You can still watch CBS HD .They only move from tp2 to tp17 and I am watching it right now without any problems and I just 50 miles N/W from you,so you should'nt
have problem to whatch it either.


----------



## RickD (Apr 23, 2002)

Nope....Transponder 17 must be on Rainbow1. I made an attempt some time ago swinging one of my 6' dishes around to 61.5 with no luck on Rainbow1.


----------



## technoguy (Sep 11, 2005)

RickD said:


> Nope....Transponder 17 must be on Rainbow1. I made an attempt some time ago swinging one of my 6' dishes around to 61.5 with no luck on Rainbow1.


That's wierd


----------



## RickD (Apr 23, 2002)

Yea...That's what I thought when I heard PR was having some luck with 6 footers...Several friends of mine also attempted with no luck also.


----------



## James Long (Apr 17, 2003)

technoguy said:


> You can still watch CBS HD .They only move from tp2 to tp17 and I am watching it right now without any problems and I just 50 miles N/W from you,so you should'nt
> have problem to whatch it either.


What signal strength do you each have on TP17? 50 miles isn't far, but it may be far enough.

JL


----------



## technoguy (Sep 11, 2005)

RickD said:


> Yea...That's what I thought when I heard PR was having some luck with 6 footers...Several friends of mine also attempted with no luck also.

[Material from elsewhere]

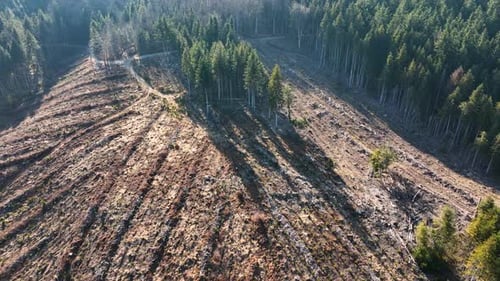 Aerial View of Pine Forest with Large Area of Cut Down Trees As Result of Global Deforestation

Actually I got 61.5 with a 4' on the begining just for CBS HD then I got VOOM and did just few minor adjusment.


----------



## technoguy (Sep 11, 2005)

James Long said:


> What signal strength do you each have on TP17? 50 miles isn't far, but it may be far enough.
> 
> JL


67


----------



## hokieengineer (Jul 31, 2004)

When they "moved" cbs-e hd to tp 17, they just put the channel info on that tp and used the same video stream as they were testing with the 4 NYC HD locals. Which makes sense, why have two copies of cbs-e on 61.5 conus?


----------



## bk63ross (Nov 10, 2004)

Hey John I could not find any info on when ESPN2 HD was put on Echo 3. In fact I didn't see it on the Lyngsat site either. How recent was this move? Does that really mean no need for the 129 sat since the 61.5 will mirror all of the 129 HD?


----------



## James Long (Apr 17, 2003)

IIRC: It got there yesterday ... see the Uplink thread.

JL


----------



## TNGTony (Mar 23, 2002)

bk63ross said:


> Hey John I could not find any info on when ESPN2 HD was put on Echo 3. In fact I didn't see it on the Lyngsat site either. How recent was this move? Does that really mean no need for the 129 sat since the 61.5 will mirror all of the 129 HD?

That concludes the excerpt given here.